I feel incredibly privileged that my chosen industry and the business I set up in 1988 has given me a fulfilling and ever-changing career.
It was the year Rick Astley released “Never Gonna Give You Up”; Rainman was in the cinema; the BBC’s first Red Nose Day took place raising £15million and it was the first year of GCSEs!
As part of marking this milestone I’ve reflected on how the industry has changed during that time.
1. Fashions have changed, people haven’t
No, I’m not talking about the power suits and the shoulder pads – although we are now more casual as a workforce.
The process of applying for a job has changed dramatically in some ways thanks to the digital revolution we’ve experienced in the past couple of decades, but the actual selection process has not changed as much.

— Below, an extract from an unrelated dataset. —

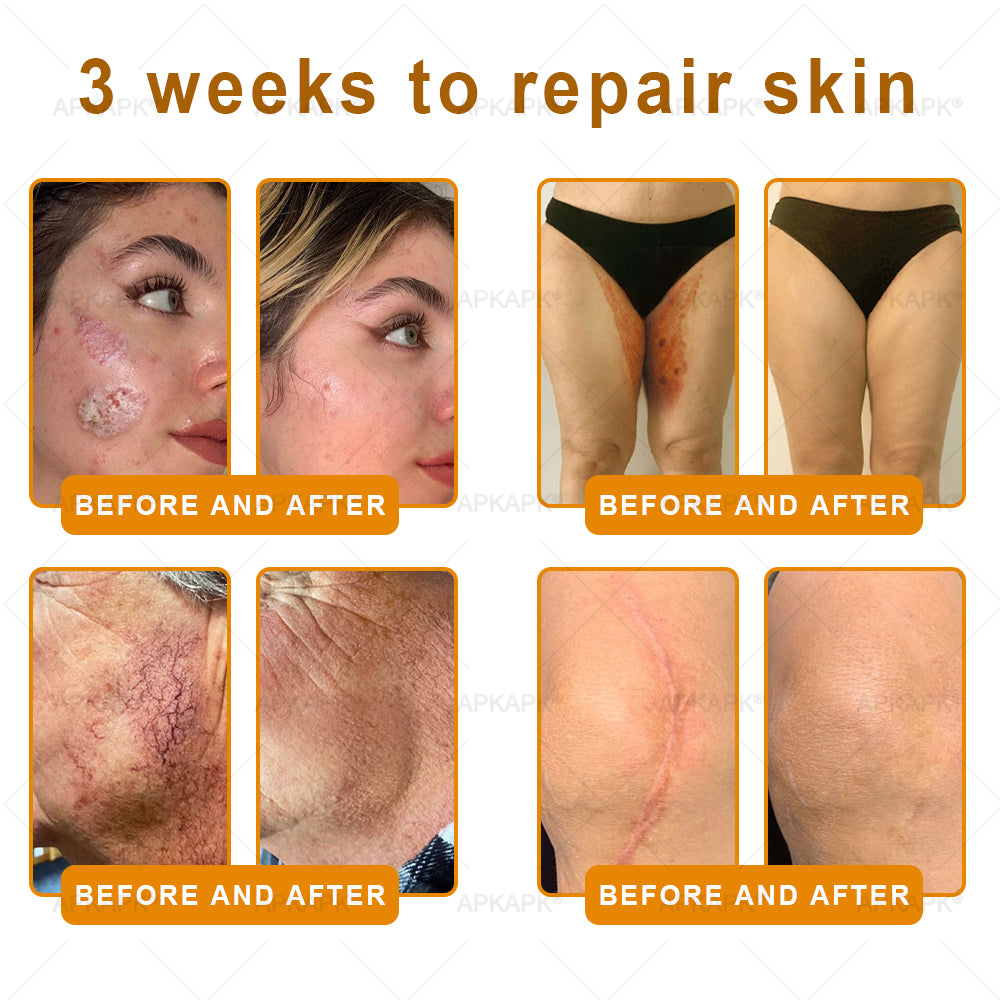 APKAPK®--Only 10 jars! Grab an exclusive 30% discount now! Keep your skin youthful and glowing in just 1 to 3 weeks. Don’t miss your chance—this offer won’t come around again until next year. Act fast! 180-day money back guarantee!
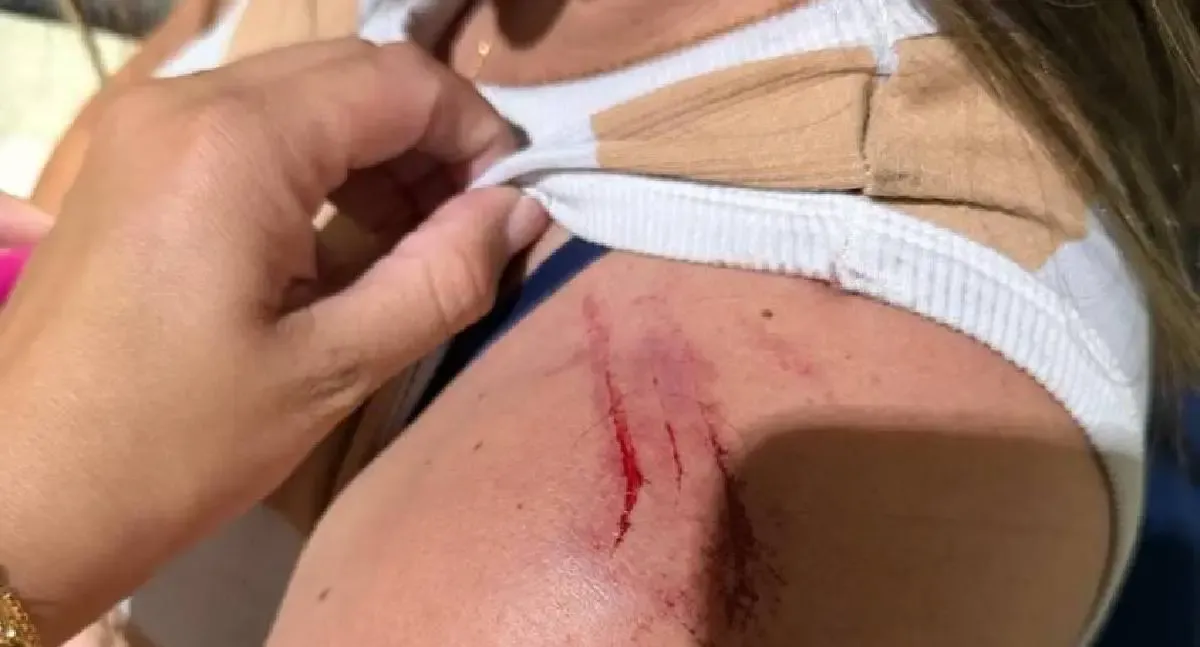 Mulher é espancada por ex-marido em Colorado do Oeste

People still recruit people – we’re not yet in a world of total automation and I for one think that’s positive. A face to face interview has not been replaced (although we do see more one to one video interviews).
Relationships between clients and candidates are vital and facilitating that connection has remained a large part of my role.
2. New ways of working
When I started the business we certainly did not have laptops and mobile phones – you had to be in the office to work.
Now remote working capability has led to a huge shake up and rethink in how we all employ people. This has produced more flexibility – which, in turn, has also helped many more women remain in the workplace as parents. We’re now thankfully in a position where our workplace is more diverse – although there is further to go, we have come on leaps and bounds in the last 30 years.
3. The tech revolution
The advent of email meant we didn’t need to post CVs anymore of course.
Email became more widely used throughout the 90s and therefore speeded up the recruitment process.
Job boards did not become established until the 90s and even then they were pretty rudimentary. We promoted positions largely through print advertising – jobs day in the local newspaper was very busy for us and much of our time was taken up booking and organising job ads.
4. We’re more sociable (or are we?)
Who remembers a working world without Linkedin?
The recruiters’ and candidates’ primary tool for finding people and being found – it has meant we can access an even richer talent pool – and worldwide.
Social media has helped us all connect with more people and find new career opportunities that we may not have realised existed in the pre-social media world. It has also meant that we all need to be more aware of our own digital profile – it can work for and against us. Don’t post those drunken pictures online of your Saturday night out!
While how I run search and selection campaigns for clients is different to the way I used to work when I started the business I can safely say that my relationships with clients and candidates remain central to my work week.
I have placed people in many and varied roles and no two days are ever the same – it’s fun and ever-changing.
Thanks to all those who have supported me over the years – matching candidates with interesting roles and watching them develop their careers is incredibly rewarding and I enjoy it today as much as I did in the 80s!